■ **Directions**
From the line below that contains "MARBLE FINISH BS" to the line that contains "Sonstige & Ohne Zuordnung", repeat every line exactly, both ends included, and nothing else.

Records from a dataset:
·····

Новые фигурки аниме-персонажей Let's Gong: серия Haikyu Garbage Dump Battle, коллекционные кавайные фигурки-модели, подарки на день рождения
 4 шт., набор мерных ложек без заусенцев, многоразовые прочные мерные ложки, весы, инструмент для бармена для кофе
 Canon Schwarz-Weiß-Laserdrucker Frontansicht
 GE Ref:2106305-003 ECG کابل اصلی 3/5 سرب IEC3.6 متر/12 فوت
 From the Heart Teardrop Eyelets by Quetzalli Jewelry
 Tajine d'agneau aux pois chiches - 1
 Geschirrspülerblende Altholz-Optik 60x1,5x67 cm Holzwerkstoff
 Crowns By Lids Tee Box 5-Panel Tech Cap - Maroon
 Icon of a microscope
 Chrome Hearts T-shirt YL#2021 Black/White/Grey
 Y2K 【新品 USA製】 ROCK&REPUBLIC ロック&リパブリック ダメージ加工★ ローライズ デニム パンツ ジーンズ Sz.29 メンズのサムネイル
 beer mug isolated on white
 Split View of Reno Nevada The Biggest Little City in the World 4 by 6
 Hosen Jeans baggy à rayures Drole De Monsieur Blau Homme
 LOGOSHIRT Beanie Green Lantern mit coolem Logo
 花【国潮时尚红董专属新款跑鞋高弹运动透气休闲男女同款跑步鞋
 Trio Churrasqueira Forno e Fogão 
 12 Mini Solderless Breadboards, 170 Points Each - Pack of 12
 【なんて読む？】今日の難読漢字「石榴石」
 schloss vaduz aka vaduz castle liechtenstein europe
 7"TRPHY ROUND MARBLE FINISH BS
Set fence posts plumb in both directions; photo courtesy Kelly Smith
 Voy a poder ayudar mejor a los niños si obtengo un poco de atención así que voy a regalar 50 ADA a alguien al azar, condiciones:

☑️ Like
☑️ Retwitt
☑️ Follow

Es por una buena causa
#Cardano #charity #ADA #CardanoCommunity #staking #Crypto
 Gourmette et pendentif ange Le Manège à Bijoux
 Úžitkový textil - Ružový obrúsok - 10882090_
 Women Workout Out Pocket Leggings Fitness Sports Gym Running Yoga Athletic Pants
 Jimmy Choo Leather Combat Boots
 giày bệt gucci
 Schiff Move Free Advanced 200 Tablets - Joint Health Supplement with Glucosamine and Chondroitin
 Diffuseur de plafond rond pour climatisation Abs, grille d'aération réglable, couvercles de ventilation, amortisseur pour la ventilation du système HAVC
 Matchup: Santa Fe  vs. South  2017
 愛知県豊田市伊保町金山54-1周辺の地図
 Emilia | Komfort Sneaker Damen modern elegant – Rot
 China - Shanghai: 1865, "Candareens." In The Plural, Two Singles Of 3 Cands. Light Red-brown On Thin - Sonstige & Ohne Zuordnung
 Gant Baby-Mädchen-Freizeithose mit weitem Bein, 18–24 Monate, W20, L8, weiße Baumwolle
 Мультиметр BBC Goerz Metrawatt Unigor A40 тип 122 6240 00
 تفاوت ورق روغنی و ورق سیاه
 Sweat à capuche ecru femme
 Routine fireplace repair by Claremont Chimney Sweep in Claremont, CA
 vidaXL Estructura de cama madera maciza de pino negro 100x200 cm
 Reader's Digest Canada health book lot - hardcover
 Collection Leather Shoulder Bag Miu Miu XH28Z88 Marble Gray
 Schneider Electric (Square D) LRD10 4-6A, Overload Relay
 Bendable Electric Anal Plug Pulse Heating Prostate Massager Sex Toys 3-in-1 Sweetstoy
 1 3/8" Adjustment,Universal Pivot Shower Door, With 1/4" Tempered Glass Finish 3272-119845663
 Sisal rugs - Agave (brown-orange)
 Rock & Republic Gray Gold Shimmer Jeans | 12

·····

■ **Solved problem**
 7"TRPHY ROUND MARBLE FINISH BS
Set fence posts plumb in both directions; photo courtesy Kelly Smith
 Voy a poder ayudar mejor a los niños si obtengo un poco de atención así que voy a regalar 50 ADA a alguien al azar, condiciones:

☑️ Like
☑️ Retwitt
☑️ Follow

Es por una buena causa
#Cardano #charity #ADA #CardanoCommunity #staking #Crypto
 Gourmette et pendentif ange Le Manège à Bijoux
 Úžitkový textil - Ružový obrúsok - 10882090_
 Women Workout Out Pocket Leggings Fitness Sports Gym Running Yoga Athletic Pants
 Jimmy Choo Leather Combat Boots
 giày bệt gucci
 Schiff Move Free Advanced 200 Tablets - Joint Health Supplement with Glucosamine and Chondroitin
 Diffuseur de plafond rond pour climatisation Abs, grille d'aération réglable, couvercles de ventilation, amortisseur pour la ventilation du système HAVC
 Matchup: Santa Fe  vs. South  2017
 愛知県豊田市伊保町金山54-1周辺の地図
 Emilia | Komfort Sneaker Damen modern elegant – Rot
 China - Shanghai: 1865, "Candareens." In The Plural, Two Singles Of 3 Cands. Light Red-brown On Thin - Sonstige & Ohne Zuordnung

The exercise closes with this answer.